Give the listing again word for word. Skip the pictures.

Data provided:
BEGIN
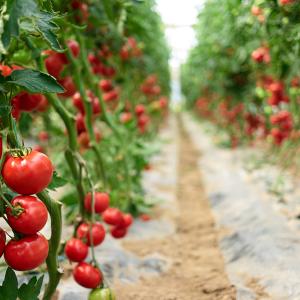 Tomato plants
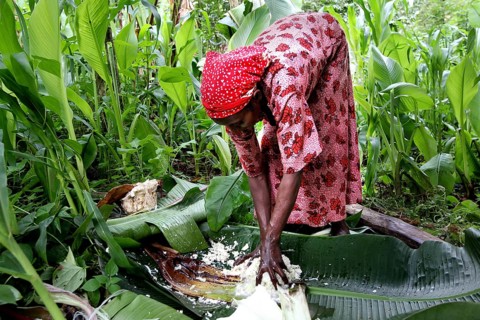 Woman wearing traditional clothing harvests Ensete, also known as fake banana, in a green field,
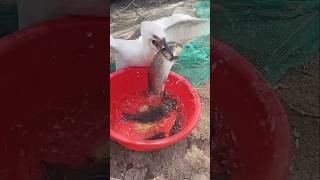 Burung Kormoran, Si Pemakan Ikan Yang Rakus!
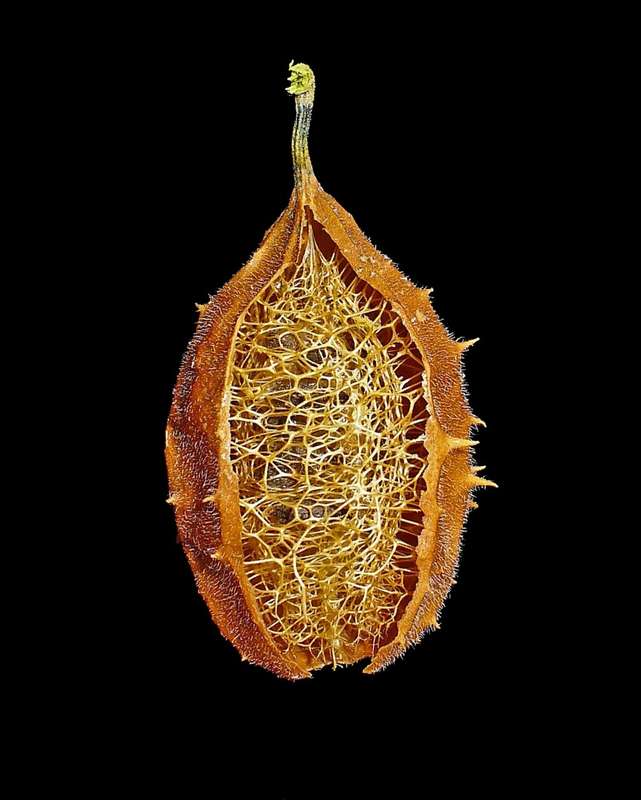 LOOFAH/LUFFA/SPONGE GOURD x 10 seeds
END
Problem solution:
 Tomato plants
 Woman wearing traditional clothing harvests Ensete, also known as fake banana, in a green field,
 Burung Kormoran, Si Pemakan Ikan Yang Rakus!
 LOOFAH/LUFFA/SPONGE GOURD x 10 seeds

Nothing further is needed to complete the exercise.